Although really you go "I respect other people's opinions" then get buttmad and throw a hissy fit when they're not stroking Xenoblade off.

I mean if you want to be me and denounce other people's opinions because you're a complete bad ass who is right in everything then yeah that's fine but don't try to play the "reasonable" and "asshole" parts of a debate.


----------



## Foxi4 (Dec 17, 2012)

Strenght said:


> Of course iam,what? Should i be ashamed?


It just seems to me that _you like Xenoblade_ therefore _opinions contrary to yours are trollin' and hatin'_. This is an Internet forum, we discuss things here. It's a lot like playing cards, where cards are your arguments and chips are your statements. If you throw a chip on the table, you better be ready to follow it up with some cards or else you're wasting the chip and looking like a doofus.

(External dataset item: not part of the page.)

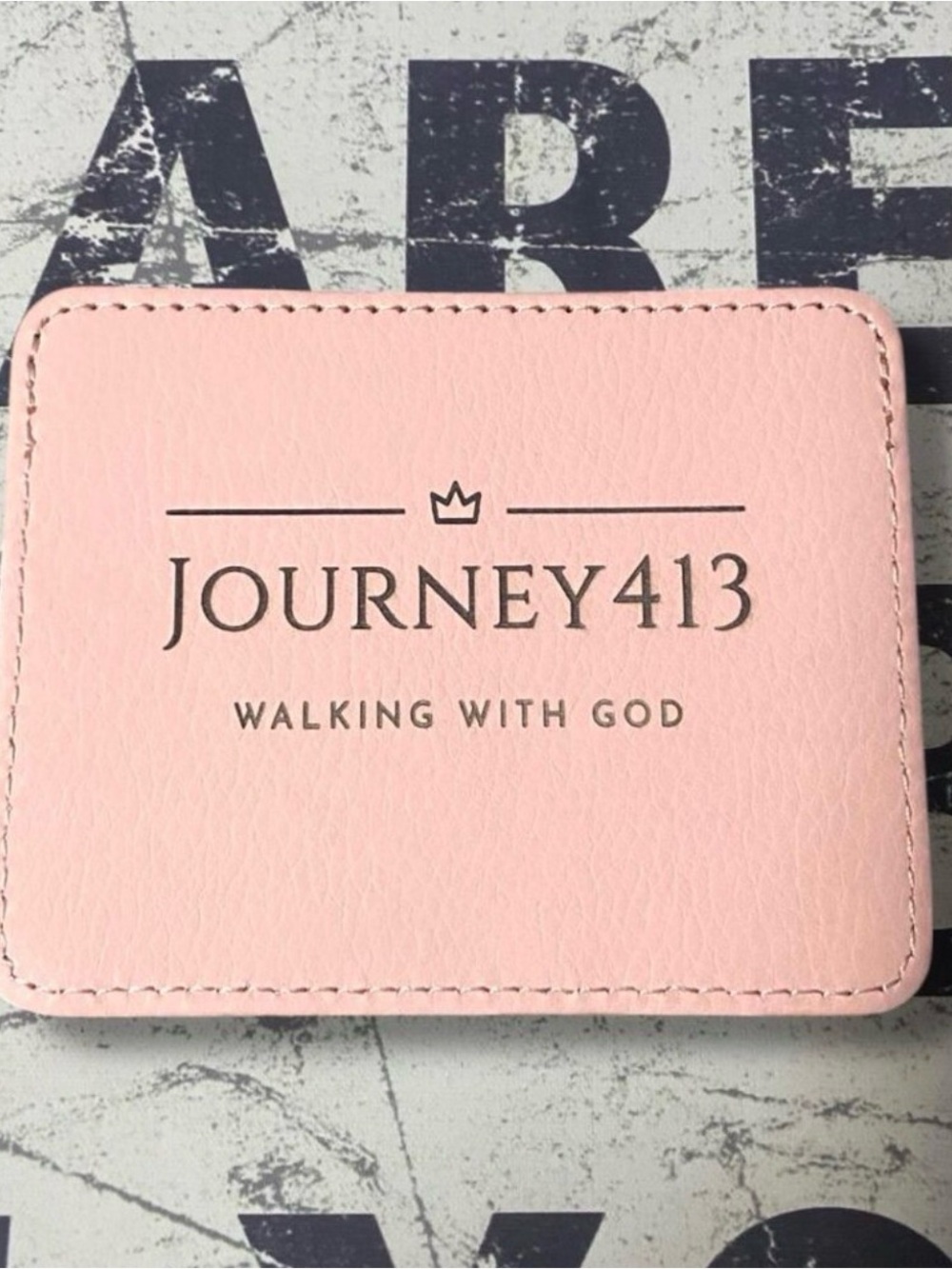 PINK JOURNEY413 HANDMADE CARDCASE WALLET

Me, among others, provided arguments why we think the game is tedious, boring and dull. You can disagree with that, sure, but don't call a thread sh*t just because you disagree with some of the opinions. If you like Xenoblade so much, do tell us why. That's how discussions work.


----------



## jalaneme (Dec 17, 2012)

So basically they acknowledge the fact that jrpgs are dying and want to try a western rpg instead to rake in that cash and then make a bold claim that they will be better than Bethesda, no one can touch Bethesda and these guys will fail badly if they have no experience in making a western rpg in the first place.

I would rather play a fallout/elder scrolls game on the wii u directly than from a company that have never made a western rpg in their life, let's see what they come up with anyway.


----------



## FAST6191 (Dec 17, 2012)

jalaneme said:


> no one can touch Bethesda and these guys will fail badly if they have no experience in making a western rpg in the first place.



Yet Capcom turned around and made Dragon's Dogma not so long ago and by most accounts it was great with many things executed better than many western ones and on top of that we have the whole dark/demon's souls stuff.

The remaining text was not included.